| 8 May 2005
Ancient Parthian court unearthed in Turkmenistan
Italian digs in Turkmenistan are unearthing an extensive archaeological complex that was once a flourishing artistic and political center for the ancient civilization of Parthia. The latest round of digs has revealed invaluable detail about a fortified complex, located 18km southwest of the country's modern capital Ashkhabad, near the border of Iran, according to the excavation director, Antonio Invernizzi of Turin University.

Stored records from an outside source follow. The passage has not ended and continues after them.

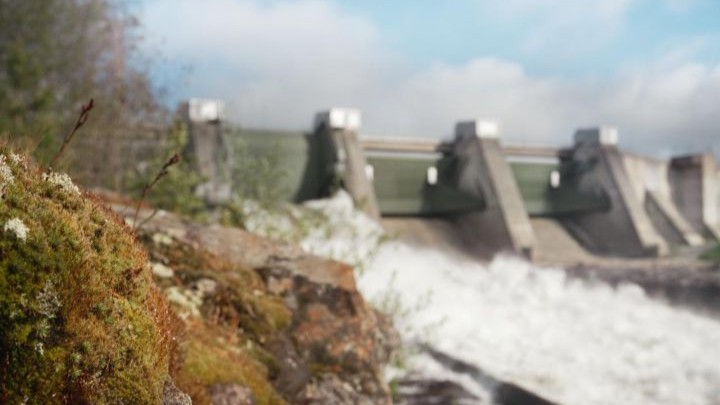 Kuva: etualalla sammalainen kivi, taustalla vesivoimalaitos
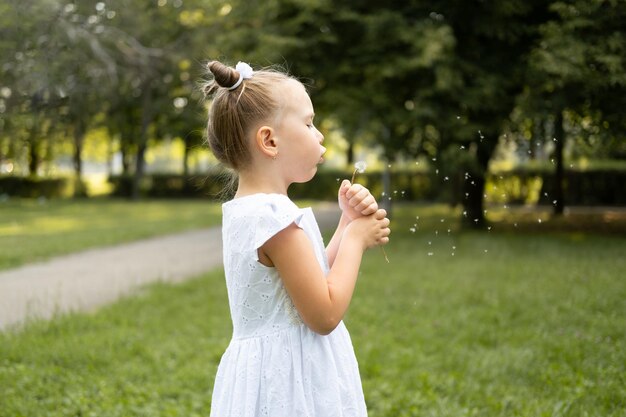 glückliches süßes Kind Mädchen bläst Dendelion Blume im grünen Park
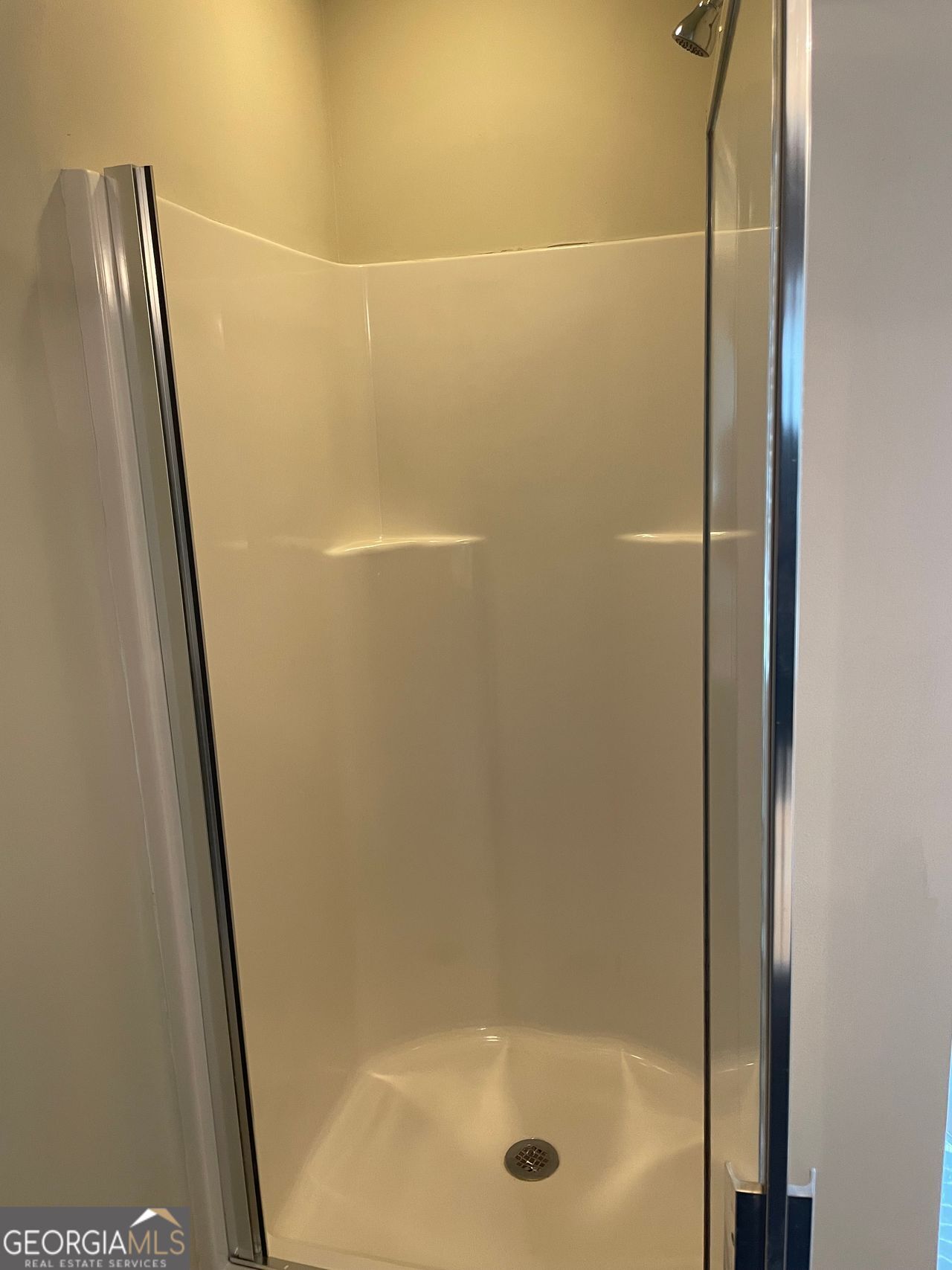 3810 Equity Lane Powder Springs, GA 30127 - Photo 28 of 32 a bathroom with a glass shower door and a sink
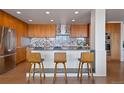 Modern kitchen featuring sleek cabinetry, stainless steel appliances, and stylish barstool seating at 1020 15Th St # 42A, Denver, CO 80202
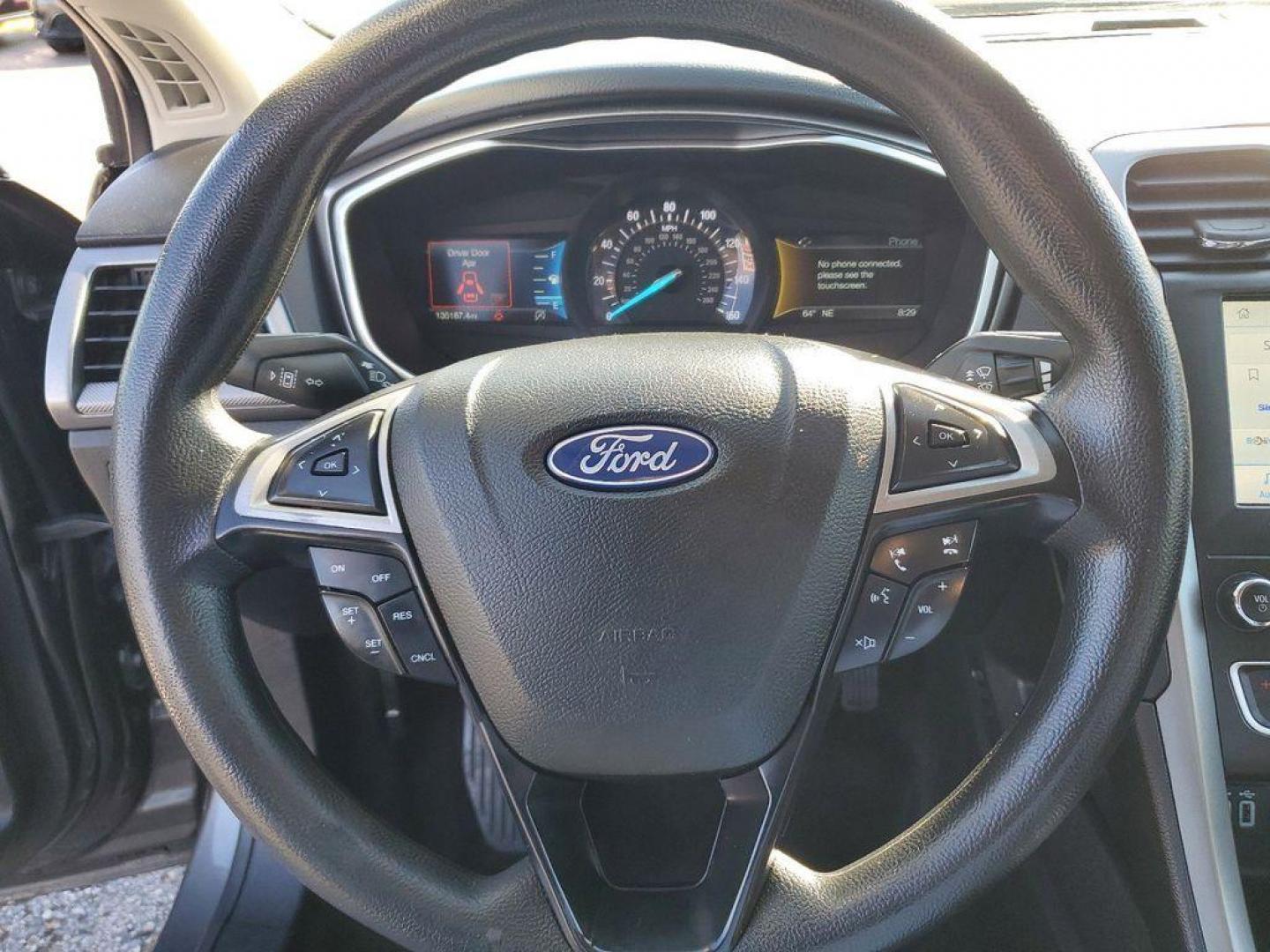 2020 Magnetic Metallic /Ebony Ford Fusion SE (3FA6P0HD6LR) with an 1.5L L4 DOHC 16V engine, 6A transmission, located at 6064 Gull Rd, Kalamazoo, MI, 49048, (269) 222-0088, 42.328388, -85.512924 - Introducing the 2020 Ford Fusion SE, a standout in its class, known for its reliability and sleek design. This model comes equipped with Front-Wheel Drive (FWD) and a robust L4, 1.5L engine, delivering a balance of power and efficiency, making it an ideal choice for both city commuting and highway a - Photo#20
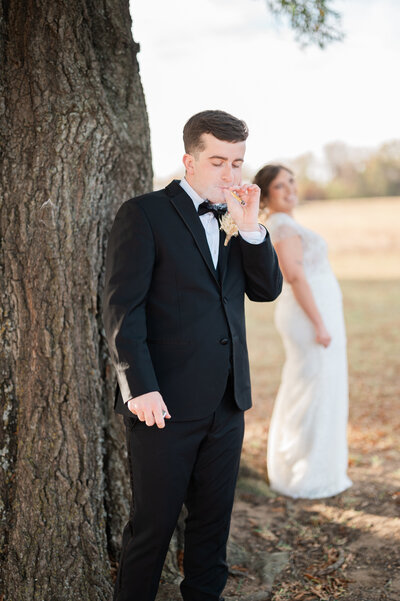 A groom smoking something with a bride standing behind him looking on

Archaeologists believe that Old Nisa, one of the Parthian Empire's earliest capitals, was founded in the 2nd century BCE. It was renamed Mithradatkirt, or fortress of Mithradates (171-138 BCE) after the king who turned Parthia into a powerful empire and one of Ancient Rome's greatest rivals. Invernizzi explained that the complex expanded out from an original cluster of buildings protected by walled fortifications after Mithradates conquered Iran and Mesopotamia. So far, he said, perfectly conserved walls of six to eight meters high had been uncovered, with the original decoration still distinguishable. Substantial buildings, Mithraic mausoleums and shrines, inscribed documents and a looted treasury have also come to light. Smaller finds include various artworks, marble statues, fragments of massive clay monuments -- including a depiction of Mithradates -- and around 40 ivory drinking horns, the outer rims of which decorated with people or classical mythological scenes.

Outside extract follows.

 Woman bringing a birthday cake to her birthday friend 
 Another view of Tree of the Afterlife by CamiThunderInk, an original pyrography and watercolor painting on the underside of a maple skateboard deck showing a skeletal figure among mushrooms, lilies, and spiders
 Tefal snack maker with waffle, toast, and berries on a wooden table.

Italian archaeologists started excavating Old Nisa -- which was totally destroyed by an earthquake in the first decade BC -- in 1990, picking up where earlier digs by the Russians had left off in the 1950s. The Parthian Empire was the most powerful force on the Iranian plateau from the 3rd century BC onwards, intermittently controlling Mesopotamia between 190 BCE and 224 CE.